_Supplied information_
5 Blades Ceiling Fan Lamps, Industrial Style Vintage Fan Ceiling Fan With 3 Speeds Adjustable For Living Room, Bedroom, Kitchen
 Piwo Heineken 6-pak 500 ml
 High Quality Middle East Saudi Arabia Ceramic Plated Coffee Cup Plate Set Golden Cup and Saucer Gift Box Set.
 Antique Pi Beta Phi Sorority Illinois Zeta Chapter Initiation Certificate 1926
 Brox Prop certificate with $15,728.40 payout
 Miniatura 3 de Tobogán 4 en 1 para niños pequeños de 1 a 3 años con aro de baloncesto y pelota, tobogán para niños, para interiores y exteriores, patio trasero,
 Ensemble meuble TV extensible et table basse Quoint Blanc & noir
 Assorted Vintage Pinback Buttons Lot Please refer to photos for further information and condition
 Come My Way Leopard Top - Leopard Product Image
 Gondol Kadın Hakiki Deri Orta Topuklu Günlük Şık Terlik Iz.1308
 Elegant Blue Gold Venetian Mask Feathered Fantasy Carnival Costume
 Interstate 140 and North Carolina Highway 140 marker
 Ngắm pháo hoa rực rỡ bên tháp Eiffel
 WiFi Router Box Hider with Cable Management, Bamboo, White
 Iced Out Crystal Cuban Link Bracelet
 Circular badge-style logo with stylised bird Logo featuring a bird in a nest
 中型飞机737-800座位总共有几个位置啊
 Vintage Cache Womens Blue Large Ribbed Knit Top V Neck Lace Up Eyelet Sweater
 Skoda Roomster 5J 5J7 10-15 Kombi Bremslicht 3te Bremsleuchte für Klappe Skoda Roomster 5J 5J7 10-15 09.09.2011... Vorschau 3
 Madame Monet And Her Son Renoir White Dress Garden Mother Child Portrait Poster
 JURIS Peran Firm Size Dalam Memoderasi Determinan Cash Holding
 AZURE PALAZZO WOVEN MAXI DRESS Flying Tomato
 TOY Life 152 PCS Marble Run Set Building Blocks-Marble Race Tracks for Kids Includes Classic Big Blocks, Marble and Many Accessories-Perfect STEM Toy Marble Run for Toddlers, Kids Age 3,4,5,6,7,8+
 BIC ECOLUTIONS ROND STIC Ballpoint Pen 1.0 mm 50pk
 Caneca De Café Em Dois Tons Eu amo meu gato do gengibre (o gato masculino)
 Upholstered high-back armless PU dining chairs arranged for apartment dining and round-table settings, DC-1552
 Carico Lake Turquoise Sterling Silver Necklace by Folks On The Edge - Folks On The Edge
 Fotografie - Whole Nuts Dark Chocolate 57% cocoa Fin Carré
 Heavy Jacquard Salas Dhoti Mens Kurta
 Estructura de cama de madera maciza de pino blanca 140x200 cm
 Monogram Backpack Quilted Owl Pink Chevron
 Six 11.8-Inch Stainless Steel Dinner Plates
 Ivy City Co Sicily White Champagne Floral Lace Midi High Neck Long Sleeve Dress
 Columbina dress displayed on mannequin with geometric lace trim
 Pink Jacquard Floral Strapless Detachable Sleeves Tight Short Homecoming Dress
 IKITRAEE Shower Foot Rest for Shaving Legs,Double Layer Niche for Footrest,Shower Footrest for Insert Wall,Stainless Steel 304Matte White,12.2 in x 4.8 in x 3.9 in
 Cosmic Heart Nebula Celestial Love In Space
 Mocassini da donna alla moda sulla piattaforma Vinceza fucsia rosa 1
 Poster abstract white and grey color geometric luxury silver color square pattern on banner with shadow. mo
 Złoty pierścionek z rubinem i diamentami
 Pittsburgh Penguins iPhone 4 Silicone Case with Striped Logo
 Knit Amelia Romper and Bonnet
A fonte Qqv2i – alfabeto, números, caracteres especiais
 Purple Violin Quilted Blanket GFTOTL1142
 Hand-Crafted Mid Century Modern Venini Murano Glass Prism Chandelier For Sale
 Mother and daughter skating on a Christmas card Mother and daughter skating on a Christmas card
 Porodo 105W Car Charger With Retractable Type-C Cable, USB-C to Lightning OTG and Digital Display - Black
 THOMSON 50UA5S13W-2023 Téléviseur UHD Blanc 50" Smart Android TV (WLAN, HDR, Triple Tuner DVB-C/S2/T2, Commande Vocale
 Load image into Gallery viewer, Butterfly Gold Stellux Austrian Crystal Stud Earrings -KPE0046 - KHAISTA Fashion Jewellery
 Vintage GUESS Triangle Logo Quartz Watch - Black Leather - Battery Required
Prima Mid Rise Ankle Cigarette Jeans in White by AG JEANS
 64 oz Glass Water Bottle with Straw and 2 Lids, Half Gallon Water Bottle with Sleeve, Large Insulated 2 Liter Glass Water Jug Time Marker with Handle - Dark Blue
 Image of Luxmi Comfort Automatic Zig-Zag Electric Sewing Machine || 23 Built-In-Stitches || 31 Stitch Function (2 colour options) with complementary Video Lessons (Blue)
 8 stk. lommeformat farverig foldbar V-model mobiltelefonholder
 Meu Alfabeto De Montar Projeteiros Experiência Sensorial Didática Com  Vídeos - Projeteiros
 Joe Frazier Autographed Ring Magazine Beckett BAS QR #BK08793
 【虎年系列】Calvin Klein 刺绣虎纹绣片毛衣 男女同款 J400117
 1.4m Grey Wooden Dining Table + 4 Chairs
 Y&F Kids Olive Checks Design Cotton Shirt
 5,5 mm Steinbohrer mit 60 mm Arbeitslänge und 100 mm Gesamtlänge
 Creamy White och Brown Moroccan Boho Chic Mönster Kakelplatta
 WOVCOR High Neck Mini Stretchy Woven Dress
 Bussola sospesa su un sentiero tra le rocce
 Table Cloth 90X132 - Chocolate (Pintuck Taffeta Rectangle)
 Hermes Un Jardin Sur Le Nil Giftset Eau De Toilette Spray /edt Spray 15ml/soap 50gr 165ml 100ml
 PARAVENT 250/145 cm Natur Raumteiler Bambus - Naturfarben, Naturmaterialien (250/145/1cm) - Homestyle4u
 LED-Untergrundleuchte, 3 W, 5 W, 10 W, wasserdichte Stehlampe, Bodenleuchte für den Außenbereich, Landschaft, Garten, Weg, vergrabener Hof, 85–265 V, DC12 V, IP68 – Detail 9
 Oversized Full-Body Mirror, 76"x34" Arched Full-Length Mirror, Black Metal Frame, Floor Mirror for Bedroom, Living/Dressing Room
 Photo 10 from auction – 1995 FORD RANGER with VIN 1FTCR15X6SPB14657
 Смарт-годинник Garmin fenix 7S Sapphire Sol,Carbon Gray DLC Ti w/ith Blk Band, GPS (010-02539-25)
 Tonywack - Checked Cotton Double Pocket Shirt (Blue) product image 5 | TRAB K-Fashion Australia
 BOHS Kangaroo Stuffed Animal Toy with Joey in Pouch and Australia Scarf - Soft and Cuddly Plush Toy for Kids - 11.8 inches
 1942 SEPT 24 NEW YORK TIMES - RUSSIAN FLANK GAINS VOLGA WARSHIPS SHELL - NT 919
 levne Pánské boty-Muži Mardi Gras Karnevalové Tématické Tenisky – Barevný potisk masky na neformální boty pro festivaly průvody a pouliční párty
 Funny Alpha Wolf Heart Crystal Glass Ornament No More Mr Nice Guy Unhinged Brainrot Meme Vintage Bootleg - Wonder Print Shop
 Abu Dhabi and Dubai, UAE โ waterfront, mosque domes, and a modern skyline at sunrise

_Instructions for the task_
The whole listing above is to be output exactly.

_Response to this exercise_
5 Blades Ceiling Fan Lamps, Industrial Style Vintage Fan Ceiling Fan With 3 Speeds Adjustable For Living Room, Bedroom, Kitchen
 Piwo Heineken 6-pak 500 ml
 High Quality Middle East Saudi Arabia Ceramic Plated Coffee Cup Plate Set Golden Cup and Saucer Gift Box Set.
 Antique Pi Beta Phi Sorority Illinois Zeta Chapter Initiation Certificate 1926
 Brox Prop certificate with $15,728.40 payout
 Miniatura 3 de Tobogán 4 en 1 para niños pequeños de 1 a 3 años con aro de baloncesto y pelota, tobogán para niños, para interiores y exteriores, patio trasero,
 Ensemble meuble TV extensible et table basse Quoint Blanc & noir
 Assorted Vintage Pinback Buttons Lot Please refer to photos for further information and condition
 Come My Way Leopard Top - Leopard Product Image
 Gondol Kadın Hakiki Deri Orta Topuklu Günlük Şık Terlik Iz.1308
 Elegant Blue Gold Venetian Mask Feathered Fantasy Carnival Costume
 Interstate 140 and North Carolina Highway 140 marker
 Ngắm pháo hoa rực rỡ bên tháp Eiffel
 WiFi Router Box Hider with Cable Management, Bamboo, White
 Iced Out Crystal Cuban Link Bracelet
 Circular badge-style logo with stylised bird Logo featuring a bird in a nest
 中型飞机737-800座位总共有几个位置啊
 Vintage Cache Womens Blue Large Ribbed Knit Top V Neck Lace Up Eyelet Sweater
 Skoda Roomster 5J 5J7 10-15 Kombi Bremslicht 3te Bremsleuchte für Klappe Skoda Roomster 5J 5J7 10-15 09.09.2011... Vorschau 3
 Madame Monet And Her Son Renoir White Dress Garden Mother Child Portrait Poster
 JURIS Peran Firm Size Dalam Memoderasi Determinan Cash Holding
 AZURE PALAZZO WOVEN MAXI DRESS Flying Tomato
 TOY Life 152 PCS Marble Run Set Building Blocks-Marble Race Tracks for Kids Includes Classic Big Blocks, Marble and Many Accessories-Perfect STEM Toy Marble Run for Toddlers, Kids Age 3,4,5,6,7,8+
 BIC ECOLUTIONS ROND STIC Ballpoint Pen 1.0 mm 50pk
 Caneca De Café Em Dois Tons Eu amo meu gato do gengibre (o gato masculino)
 Upholstered high-back armless PU dining chairs arranged for apartment dining and round-table settings, DC-1552
 Carico Lake Turquoise Sterling Silver Necklace by Folks On The Edge - Folks On The Edge
 Fotografie - Whole Nuts Dark Chocolate 57% cocoa Fin Carré
 Heavy Jacquard Salas Dhoti Mens Kurta
 Estructura de cama de madera maciza de pino blanca 140x200 cm
 Monogram Backpack Quilted Owl Pink Chevron
 Six 11.8-Inch Stainless Steel Dinner Plates
 Ivy City Co Sicily White Champagne Floral Lace Midi High Neck Long Sleeve Dress
 Columbina dress displayed on mannequin with geometric lace trim
 Pink Jacquard Floral Strapless Detachable Sleeves Tight Short Homecoming Dress
 IKITRAEE Shower Foot Rest for Shaving Legs,Double Layer Niche for Footrest,Shower Footrest for Insert Wall,Stainless Steel 304Matte White,12.2 in x 4.8 in x 3.9 in
 Cosmic Heart Nebula Celestial Love In Space
 Mocassini da donna alla moda sulla piattaforma Vinceza fucsia rosa 1
 Poster abstract white and grey color geometric luxury silver color square pattern on banner with shadow. mo
 Złoty pierścionek z rubinem i diamentami
 Pittsburgh Penguins iPhone 4 Silicone Case with Striped Logo
 Knit Amelia Romper and Bonnet
A fonte Qqv2i – alfabeto, números, caracteres especiais
 Purple Violin Quilted Blanket GFTOTL1142
 Hand-Crafted Mid Century Modern Venini Murano Glass Prism Chandelier For Sale
 Mother and daughter skating on a Christmas card Mother and daughter skating on a Christmas card
 Porodo 105W Car Charger With Retractable Type-C Cable, USB-C to Lightning OTG and Digital Display - Black
 THOMSON 50UA5S13W-2023 Téléviseur UHD Blanc 50" Smart Android TV (WLAN, HDR, Triple Tuner DVB-C/S2/T2, Commande Vocale
 Load image into Gallery viewer, Butterfly Gold Stellux Austrian Crystal Stud Earrings -KPE0046 - KHAISTA Fashion Jewellery
 Vintage GUESS Triangle Logo Quartz Watch - Black Leather - Battery Required
Prima Mid Rise Ankle Cigarette Jeans in White by AG JEANS
 64 oz Glass Water Bottle with Straw and 2 Lids, Half Gallon Water Bottle with Sleeve, Large Insulated 2 Liter Glass Water Jug Time Marker with Handle - Dark Blue
 Image of Luxmi Comfort Automatic Zig-Zag Electric Sewing Machine || 23 Built-In-Stitches || 31 Stitch Function (2 colour options) with complementary Video Lessons (Blue)
 8 stk. lommeformat farverig foldbar V-model mobiltelefonholder
 Meu Alfabeto De Montar Projeteiros Experiência Sensorial Didática Com  Vídeos - Projeteiros
 Joe Frazier Autographed Ring Magazine Beckett BAS QR #BK08793
 【虎年系列】Calvin Klein 刺绣虎纹绣片毛衣 男女同款 J400117
 1.4m Grey Wooden Dining Table + 4 Chairs
 Y&F Kids Olive Checks Design Cotton Shirt
 5,5 mm Steinbohrer mit 60 mm Arbeitslänge und 100 mm Gesamtlänge
 Creamy White och Brown Moroccan Boho Chic Mönster Kakelplatta
 WOVCOR High Neck Mini Stretchy Woven Dress
 Bussola sospesa su un sentiero tra le rocce
 Table Cloth 90X132 - Chocolate (Pintuck Taffeta Rectangle)
 Hermes Un Jardin Sur Le Nil Giftset Eau De Toilette Spray /edt Spray 15ml/soap 50gr 165ml 100ml
 PARAVENT 250/145 cm Natur Raumteiler Bambus - Naturfarben, Naturmaterialien (250/145/1cm) - Homestyle4u
 LED-Untergrundleuchte, 3 W, 5 W, 10 W, wasserdichte Stehlampe, Bodenleuchte für den Außenbereich, Landschaft, Garten, Weg, vergrabener Hof, 85–265 V, DC12 V, IP68 – Detail 9
 Oversized Full-Body Mirror, 76"x34" Arched Full-Length Mirror, Black Metal Frame, Floor Mirror for Bedroom, Living/Dressing Room
 Photo 10 from auction – 1995 FORD RANGER with VIN 1FTCR15X6SPB14657
 Смарт-годинник Garmin fenix 7S Sapphire Sol,Carbon Gray DLC Ti w/ith Blk Band, GPS (010-02539-25)
 Tonywack - Checked Cotton Double Pocket Shirt (Blue) product image 5 | TRAB K-Fashion Australia
 BOHS Kangaroo Stuffed Animal Toy with Joey in Pouch and Australia Scarf - Soft and Cuddly Plush Toy for Kids - 11.8 inches
 1942 SEPT 24 NEW YORK TIMES - RUSSIAN FLANK GAINS VOLGA WARSHIPS SHELL - NT 919
 levne Pánské boty-Muži Mardi Gras Karnevalové Tématické Tenisky – Barevný potisk masky na neformální boty pro festivaly průvody a pouliční párty
 Funny Alpha Wolf Heart Crystal Glass Ornament No More Mr Nice Guy Unhinged Brainrot Meme Vintage Bootleg - Wonder Print Shop
 Abu Dhabi and Dubai, UAE โ waterfront, mosque domes, and a modern skyline at sunrise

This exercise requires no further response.